Kendi kültürünü bilmeyen ve yaşamayan toplumlar, başka kültürlerin etkisinde kalarak asimile olurlar.
Kendi kültür ve geleneklerini yaşamayan ve yaşatmayan asimile olan toplumların başkasına faydası olmadığı gibi kendileride toplumda problem haline gelirler
Bizim kültür, gelenek ve özel günlerimizi yaşamaya çalışan ve kutlayan bir topluma şahit olan varmı.
Sevgili gençler,
Birçok gencimiz yılbaşı eylencesi adı altında sahte dostlar tarafından maalesef Sigara, Alkol, Bonzai ve Esrar gibi uyuşturucularla tanıştırılacaktır.
Sakın bir defayla birşey olmaz demeyin.
O bir defa çok şeylerin başlangıcıdır.
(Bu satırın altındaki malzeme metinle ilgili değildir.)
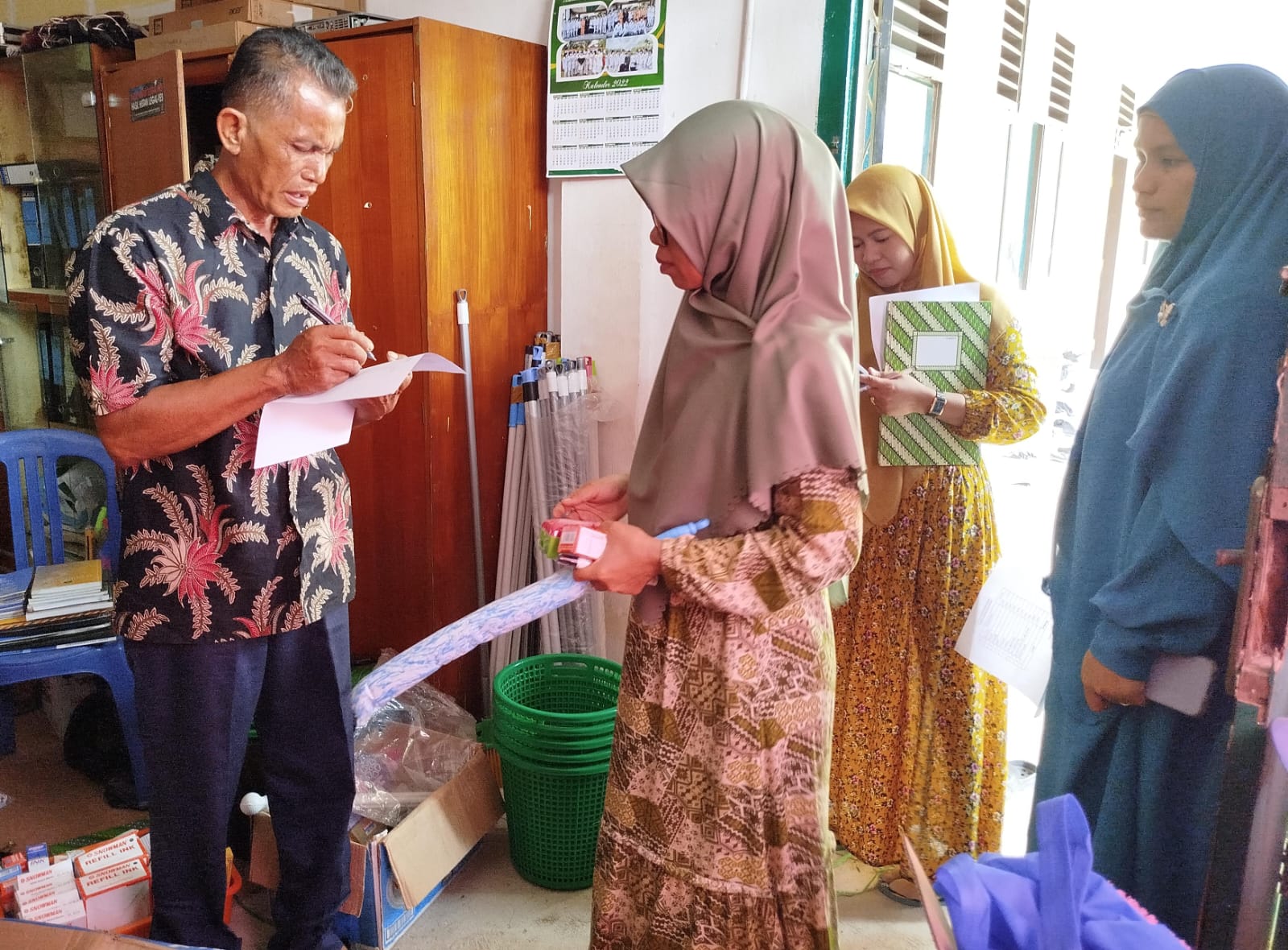 Wali Kelas Menerima Perlengkapan Kelas Guna Mendukung KBM Wali Kelas Menerima Perlengkapan Kelas Guna Mendukung KBM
Unutmayın büyük yangınlar küçük kıvılcımlarla başlar.
Ailenizle ve gerçek dostlarınızla birlikte olmaya calışın.
Aile ortamları aile bireylerinin sığınağı liman gibi emin yerdir. Viruslu ortamlardan uzak durun.
Çevrenizdeki acımasızlar sizlere sen daha çocuksun çocuklara göre değil, büyü de gel gibi tetikleyici laflar etselerde acımasızlara fırsat vermeyin.
Lütfen hayatınıza sahip çıkın. Bu bir hatırlatma herkesin özeli kendine aitdir.
Kişi yaşam tercihini istediği gibi yaşamakta serbestdir ve istediği gibi yaşar.
Fakat kişi hesaba istediği gibi değil, istenildiği gibi hesaba çekilir.